### Exercise goal:
An exact copy of every entry is required, minus the pictures.

### Records for the task:
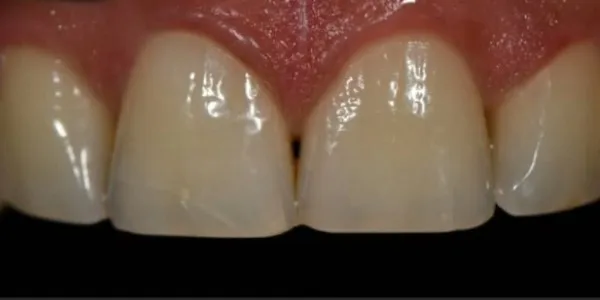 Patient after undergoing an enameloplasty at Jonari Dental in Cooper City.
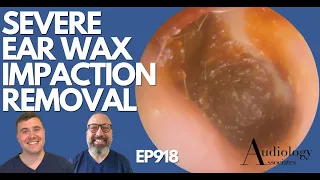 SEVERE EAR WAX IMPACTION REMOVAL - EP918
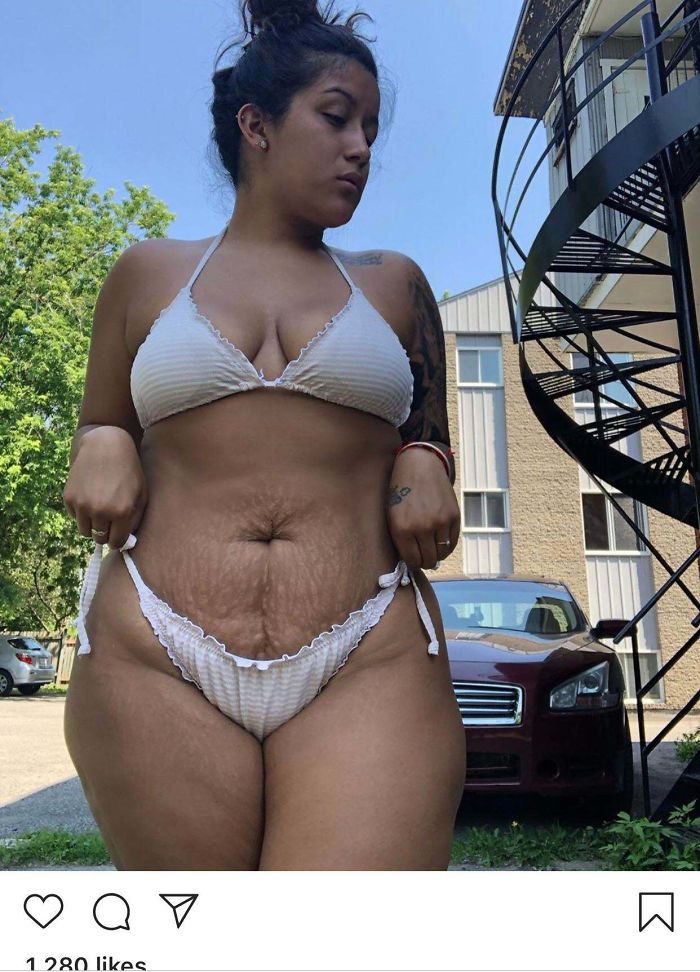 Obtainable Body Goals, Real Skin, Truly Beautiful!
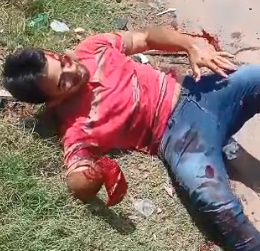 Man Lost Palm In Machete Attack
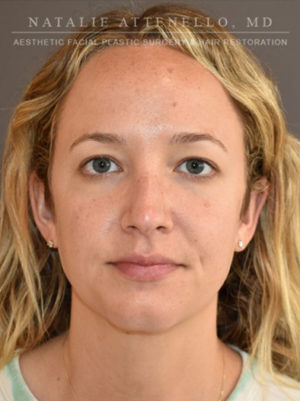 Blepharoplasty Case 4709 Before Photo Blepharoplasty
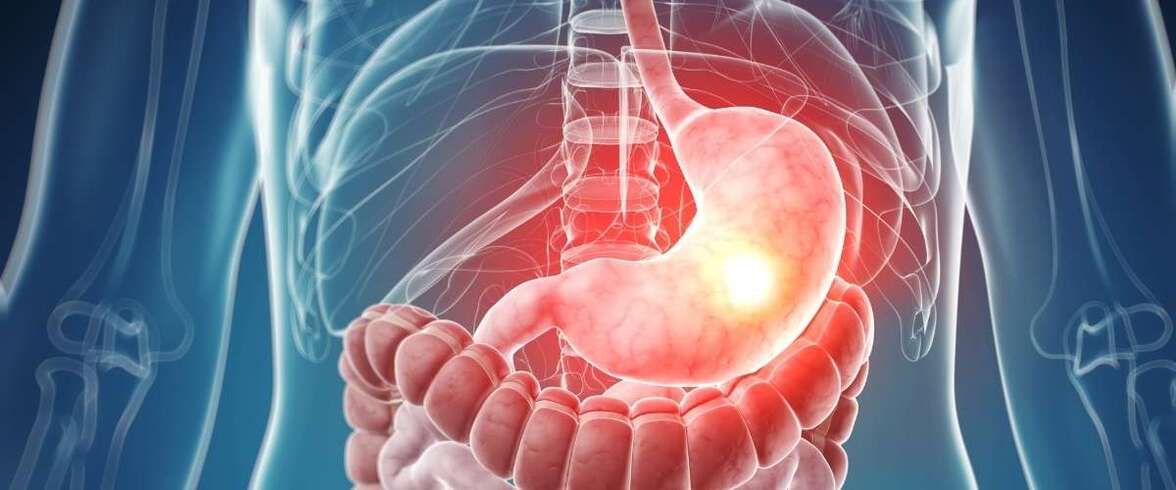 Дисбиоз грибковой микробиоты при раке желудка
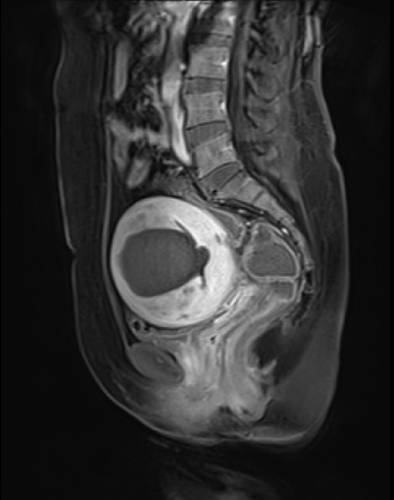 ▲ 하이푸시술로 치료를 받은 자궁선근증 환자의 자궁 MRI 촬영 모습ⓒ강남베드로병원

### Answer to this exercise:
 Patient after undergoing an enameloplasty at Jonari Dental in Cooper City.
 SEVERE EAR WAX IMPACTION REMOVAL - EP918
 Obtainable Body Goals, Real Skin, Truly Beautiful!
 Man Lost Palm In Machete Attack
 Blepharoplasty Case 4709 Before Photo Blepharoplasty
 Дисбиоз грибковой микробиоты при раке желудка
 ▲ 하이푸시술로 치료를 받은 자궁선근증 환자의 자궁 MRI 촬영 모습ⓒ강남베드로병원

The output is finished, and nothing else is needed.